Nesta oportunidade, utilizarei o recente e interessante livro de Sebastian Edwards The Chile Project. The story of theChicago Boys and the downfall of neoliberalism, até porque se trata de análise que tenta fugir às abordagens maniqueístas que normalmente caracterizam o tratamento do tema.

É interessante ressaltar que o autor define o neoliberalismo como um conjunto de crenças e recomendações de políticas que enfatizam o uso de mecanismos de mercado para resolver a maior parte dos problemas e das necessidades sociais, incluindo provisão e alocação de serviços sociais, tais como educação, pensões por idade, saúde, apoio para artes e transporte público. Assim, o neoliberalismo seria uma forma pura de capitalismo, em que os mercados são permitidos a funcionar na maior parte das esferas.

No livro, Edwards expõe como os Chicago Boys, que inicialmente tinham pouca influência no Chile, foram alçados aos arquitetos da política econômica com o golpe de 11 de setembro de 1973, tornando o Chile um verdadeiro laboratório neoliberal.
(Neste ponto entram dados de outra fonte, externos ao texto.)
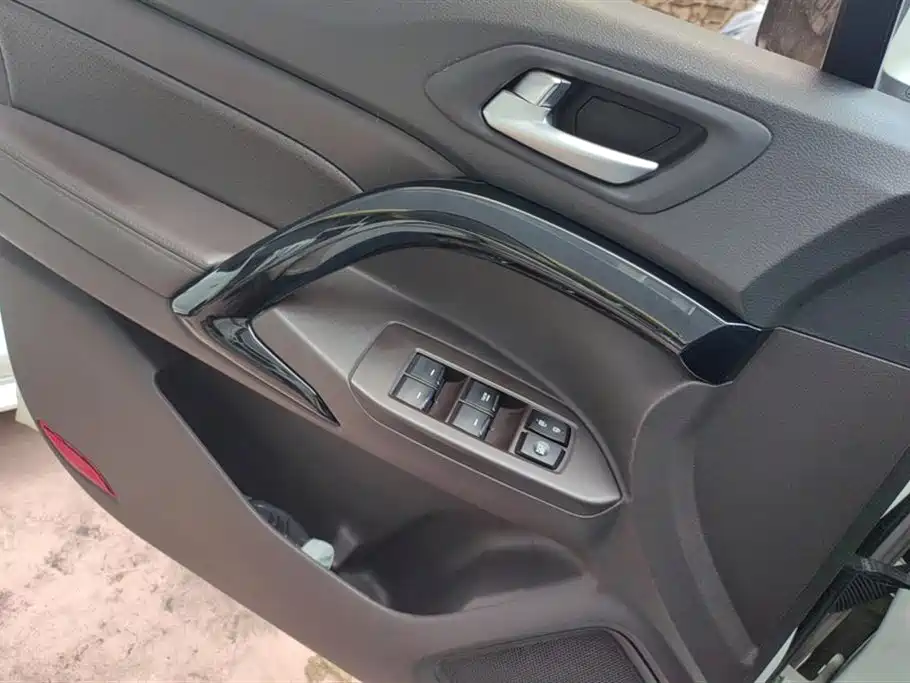 GAC TRUMPCHI GS4 NEW ENERGY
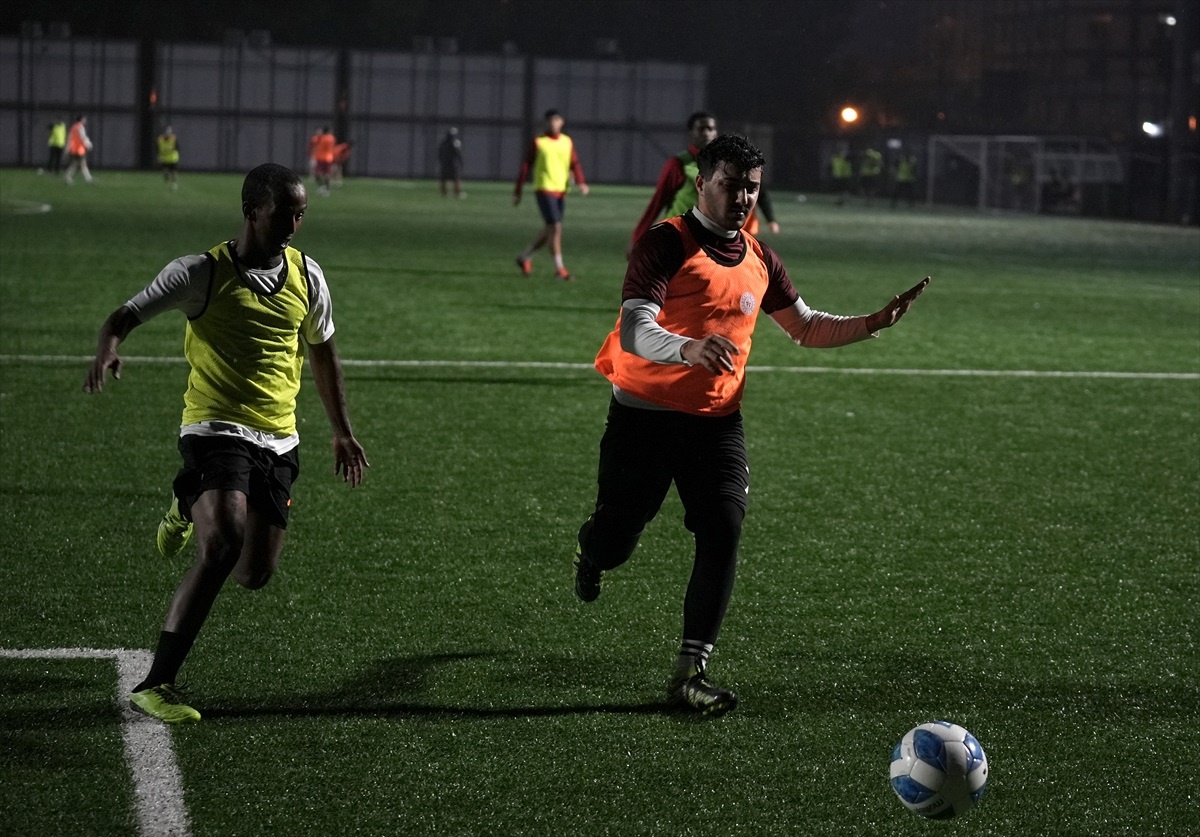Dünya Kardeşliği Futbol Turnuvası İzmir\'de
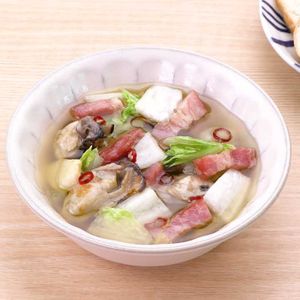 「牡蠣と白菜とベーコンのアヒージョ」のレシピ動画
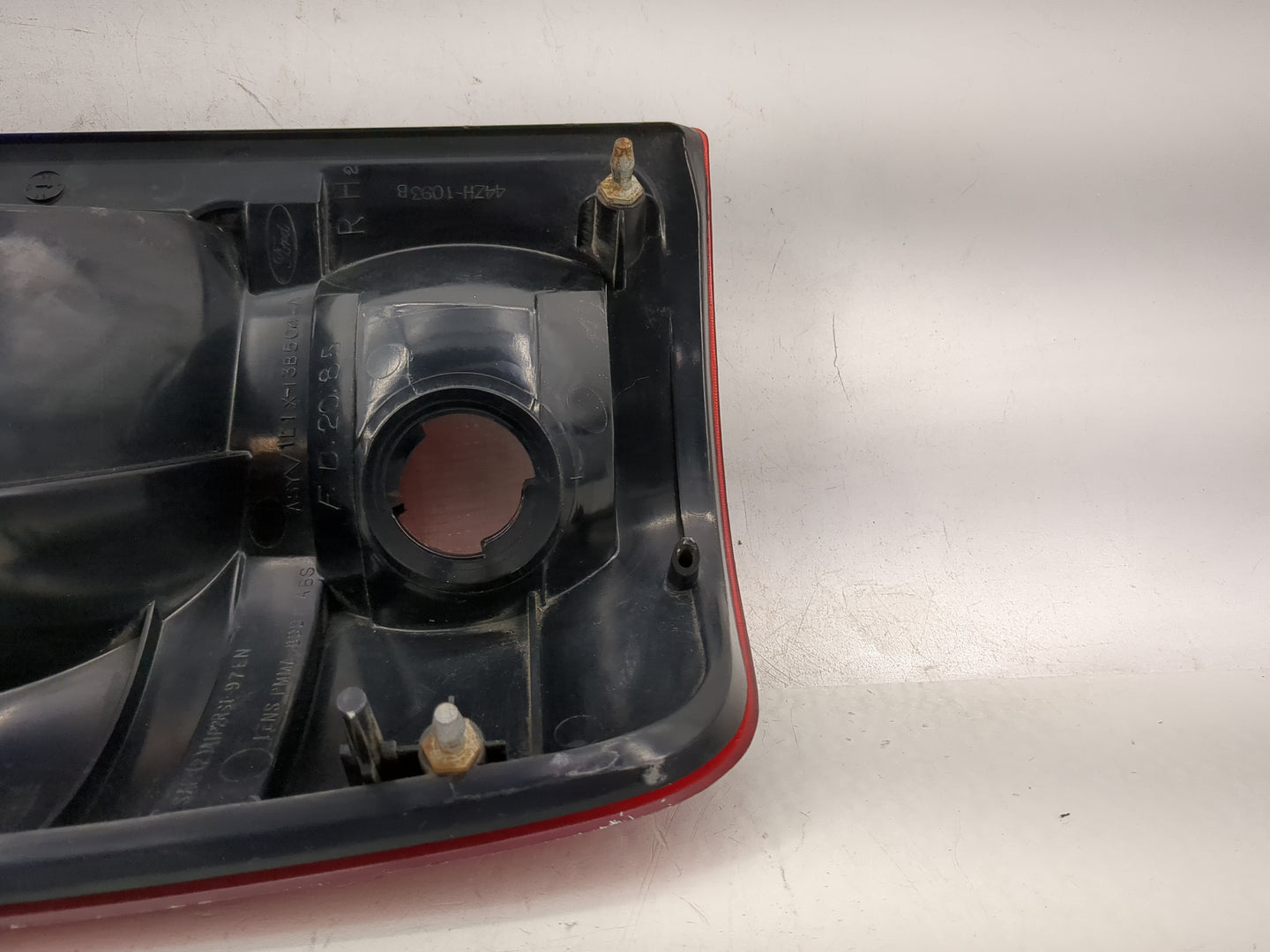 1997-2002 Ford Expedition Tail Light Assembly Passenger Right OEM Fits Fits 1997 1998 1999 2000 2001 2002 OEM Used Auto Part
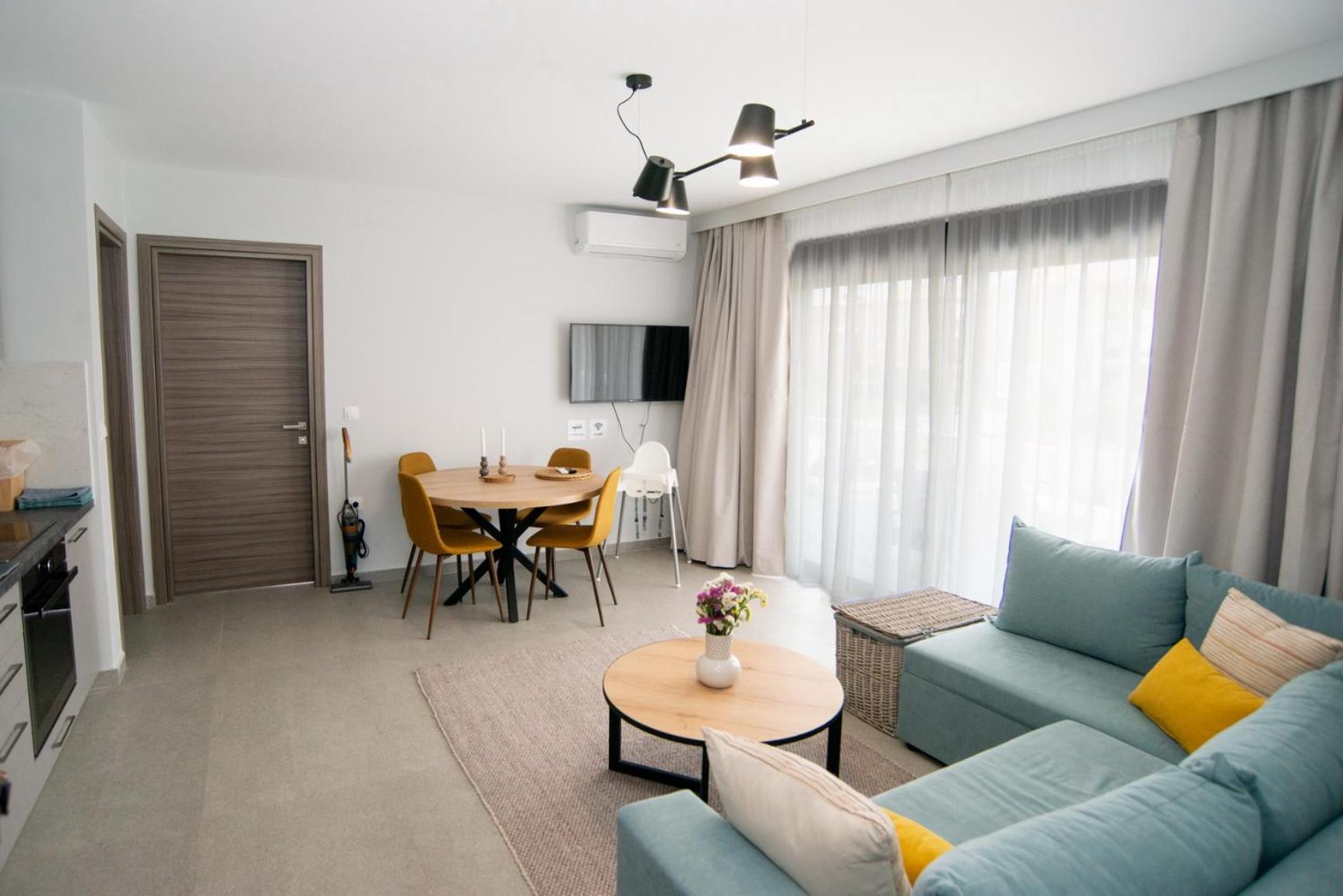 One-Bedroom Apartment photo 3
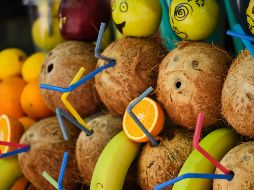 Una de las ventajas más significativas del coco es su alto contenido en fibra, lo cual le otorga propiedades laxantes que ayudan a reducir el colesterol y el azúcar en la sangre. ESPECIAL / Foto de engin akyurt en Unsplash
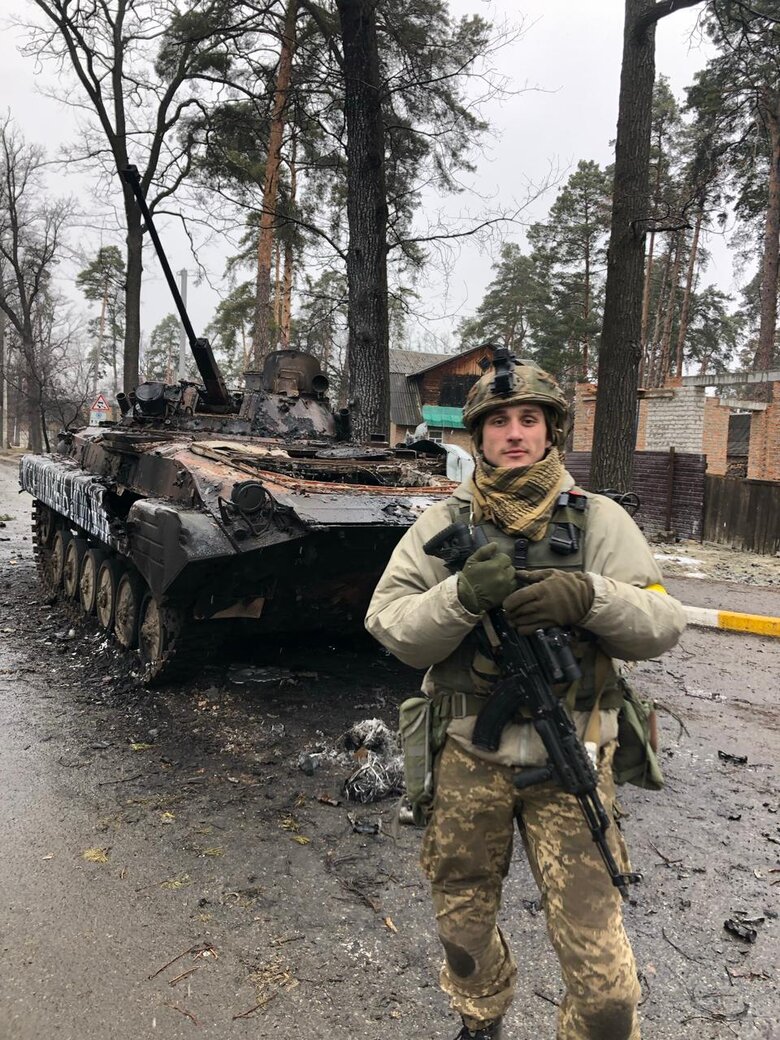 Десантник Віталій Возіян: Бойове завдання - штурмувати аеродром у Гостомелі. Росіяни вже були там 08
Verdade seja dita que Sergio De Castro, um dos expoentes dos Chicago Boys da época, foi intimado – e não propriamente convidado – para participar do governo militar como braço direito do então Ministro da Economia. Entretanto, uma vez no poder, Sérgio de Castro e os demais Chicago Boys sentiram-se bastante à vontade para, mesmo convivendo com um regime militar tão violento, posicionarem-se de forma apartada, para o fim de implementarem a reforma neoliberal.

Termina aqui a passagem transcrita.